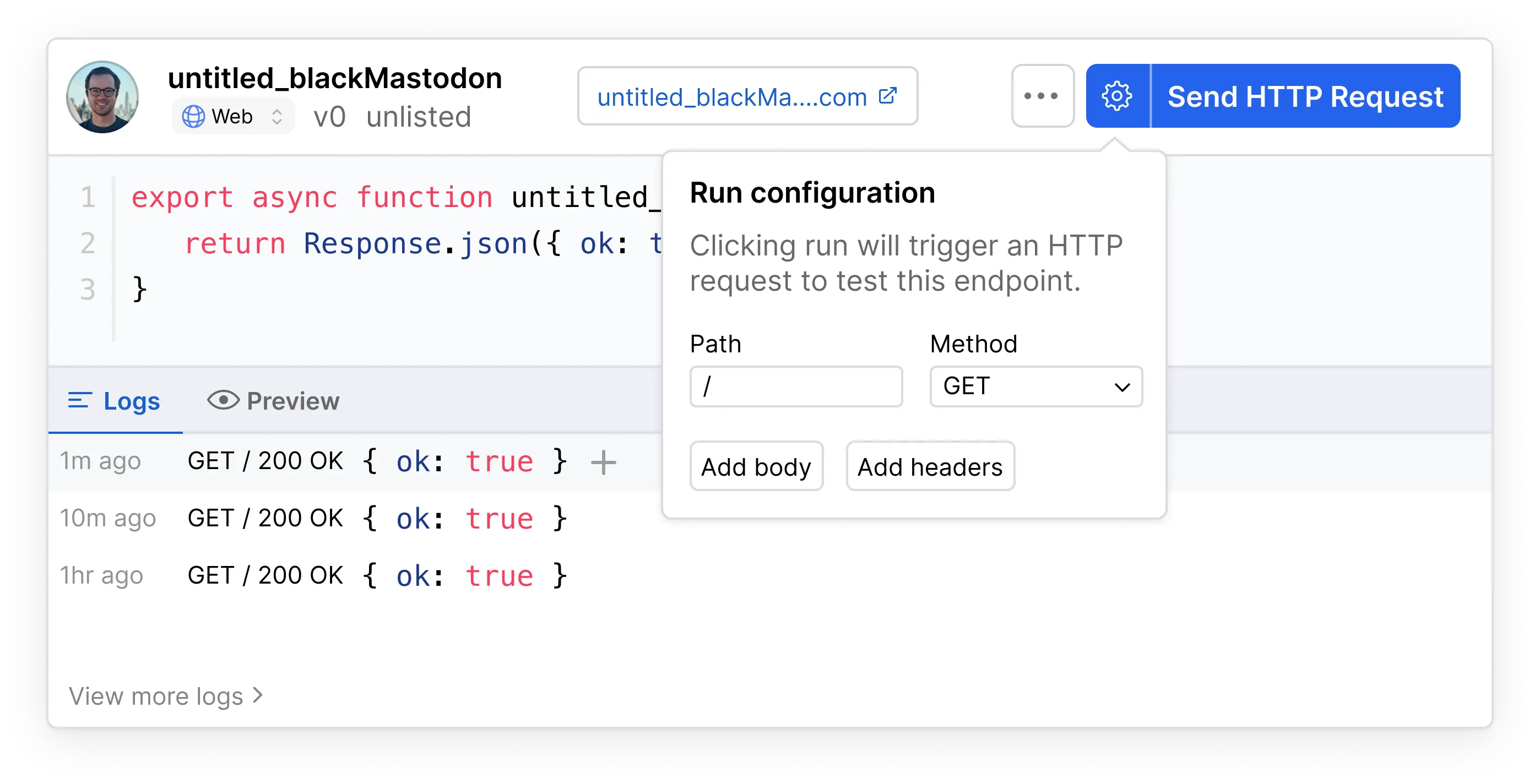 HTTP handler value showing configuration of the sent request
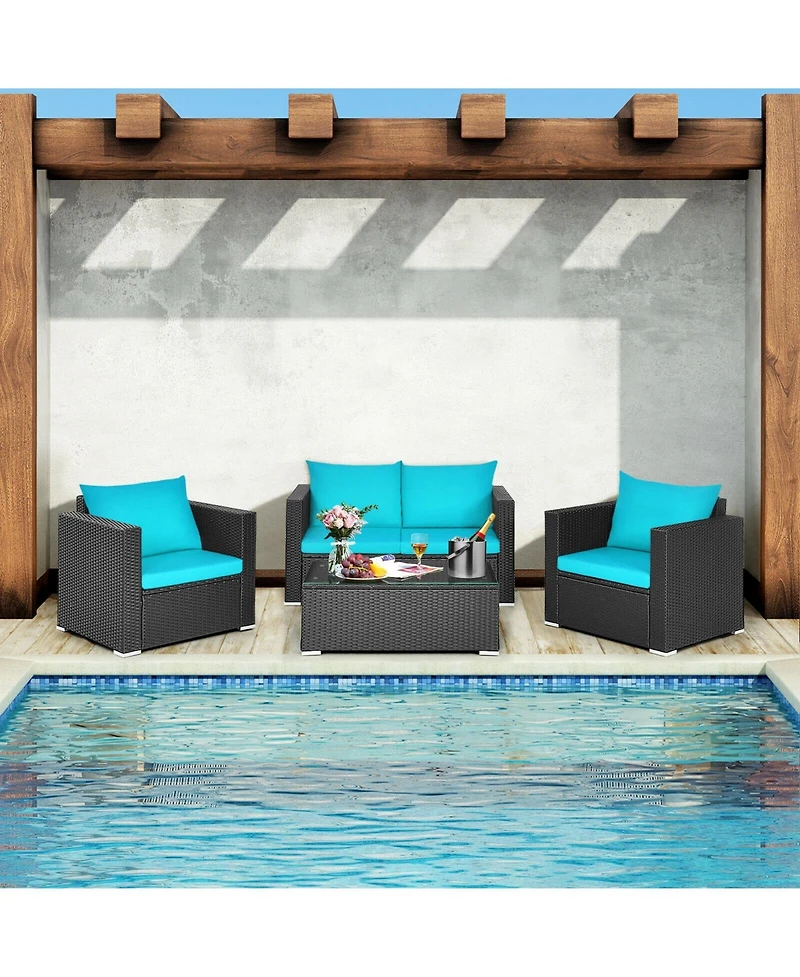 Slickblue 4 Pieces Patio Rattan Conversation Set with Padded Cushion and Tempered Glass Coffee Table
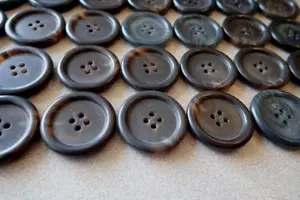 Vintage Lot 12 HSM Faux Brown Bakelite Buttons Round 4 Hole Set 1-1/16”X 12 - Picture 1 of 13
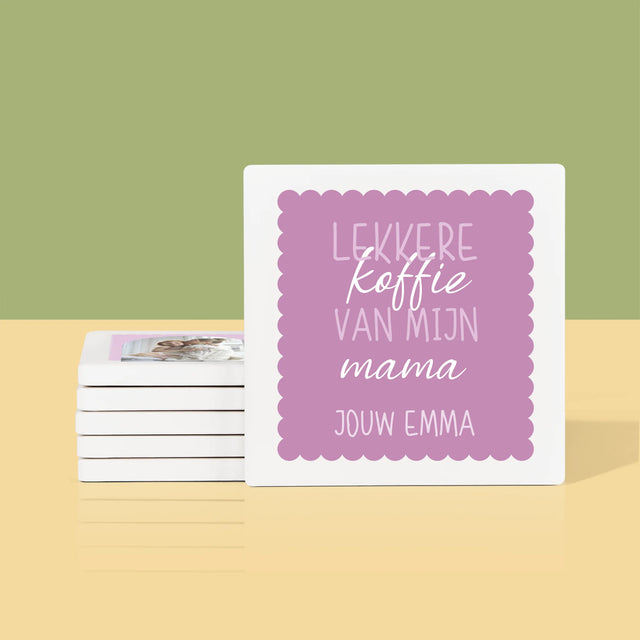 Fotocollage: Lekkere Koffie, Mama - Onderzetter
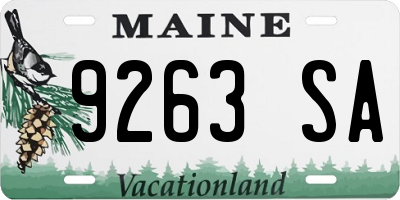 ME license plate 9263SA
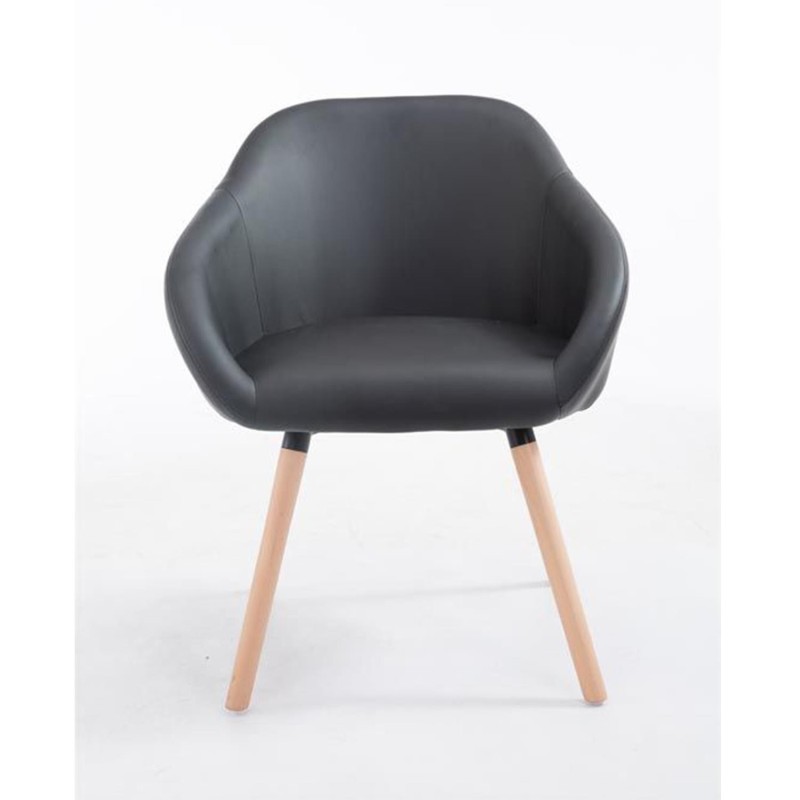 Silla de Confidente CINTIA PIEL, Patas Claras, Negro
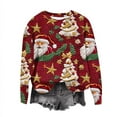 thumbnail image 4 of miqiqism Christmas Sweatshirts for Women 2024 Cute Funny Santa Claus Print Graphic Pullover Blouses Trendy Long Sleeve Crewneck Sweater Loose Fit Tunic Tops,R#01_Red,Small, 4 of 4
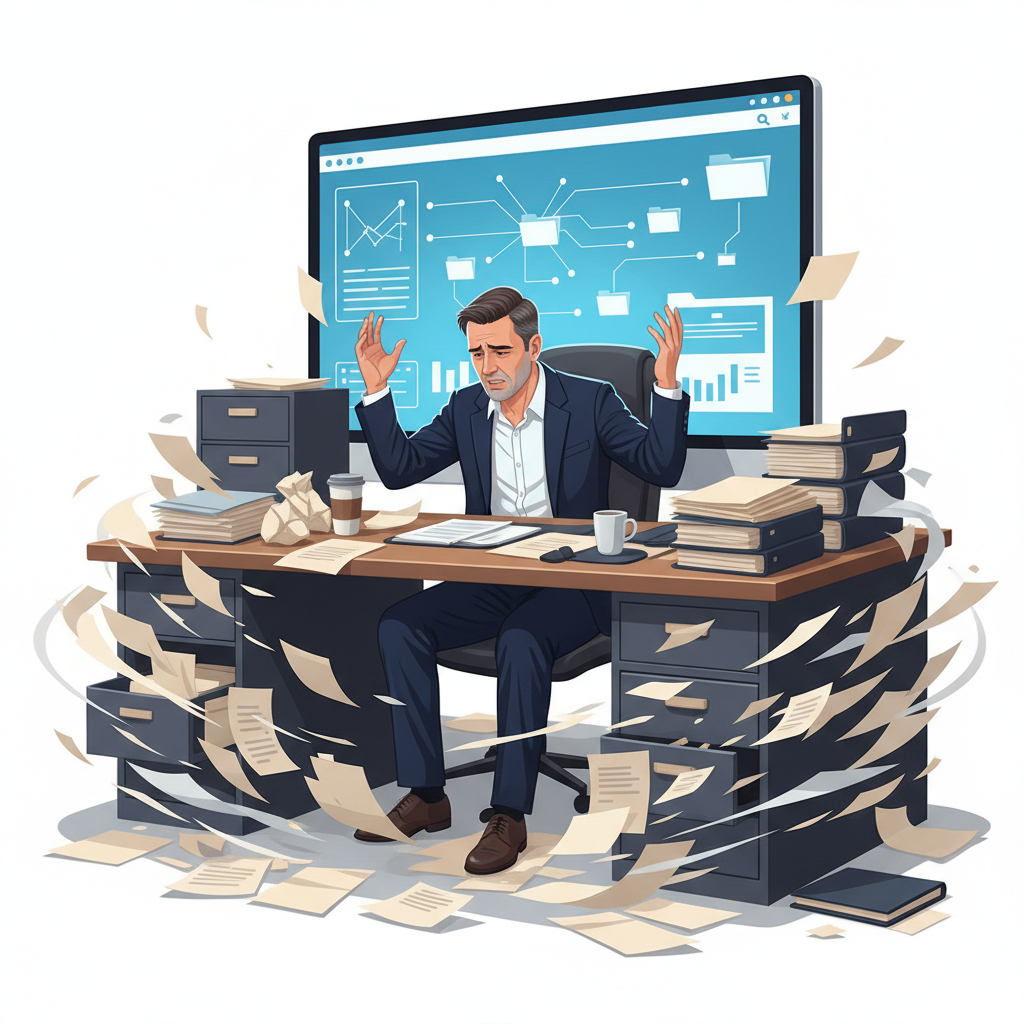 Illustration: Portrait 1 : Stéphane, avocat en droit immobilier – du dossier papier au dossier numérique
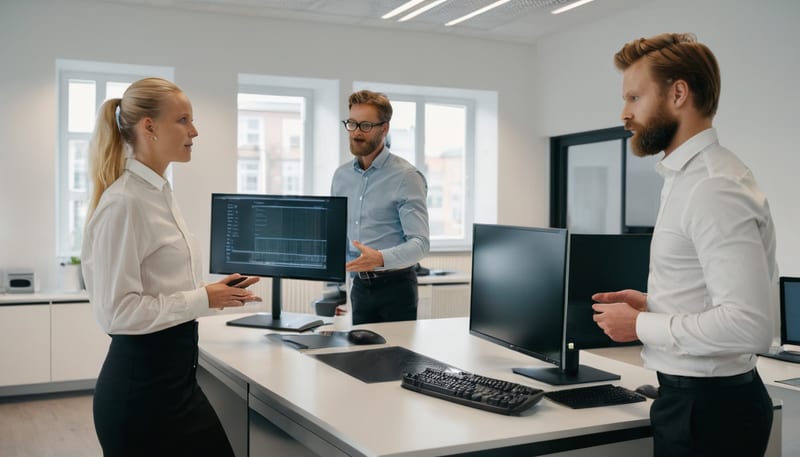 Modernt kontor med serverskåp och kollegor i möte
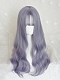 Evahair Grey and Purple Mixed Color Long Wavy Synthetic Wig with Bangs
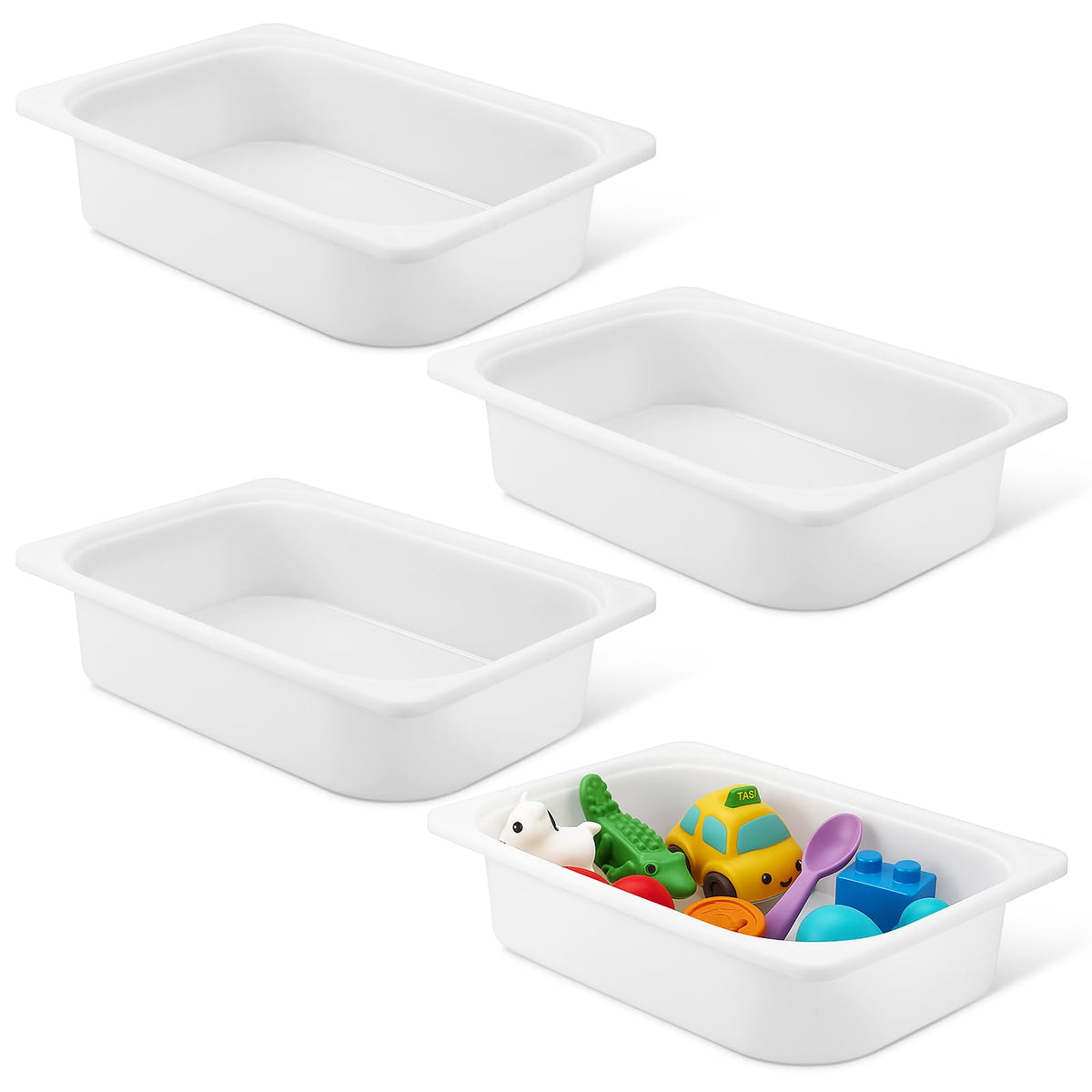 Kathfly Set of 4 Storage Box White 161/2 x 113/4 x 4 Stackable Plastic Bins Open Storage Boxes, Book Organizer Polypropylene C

════════════════════

__Action item__: Write out all the material above exactly, with no image carried over.

__Result of this exercise__:
 HTTP handler value showing configuration of the sent request
 Slickblue 4 Pieces Patio Rattan Conversation Set with Padded Cushion and Tempered Glass Coffee Table
 Vintage Lot 12 HSM Faux Brown Bakelite Buttons Round 4 Hole Set 1-1/16”X 12 - Picture 1 of 13
 Fotocollage: Lekkere Koffie, Mama - Onderzetter
 ME license plate 9263SA
 Silla de Confidente CINTIA PIEL, Patas Claras, Negro
 thumbnail image 4 of miqiqism Christmas Sweatshirts for Women 2024 Cute Funny Santa Claus Print Graphic Pullover Blouses Trendy Long Sleeve Crewneck Sweater Loose Fit Tunic Tops,R#01_Red,Small, 4 of 4
 Illustration: Portrait 1 : Stéphane, avocat en droit immobilier – du dossier papier au dossier numérique
 Modernt kontor med serverskåp och kollegor i möte
 Evahair Grey and Purple Mixed Color Long Wavy Synthetic Wig with Bangs
 Kathfly Set of 4 Storage Box White 161/2 x 113/4 x 4 Stackable Plastic Bins Open Storage Boxes, Book Organizer Polypropylene C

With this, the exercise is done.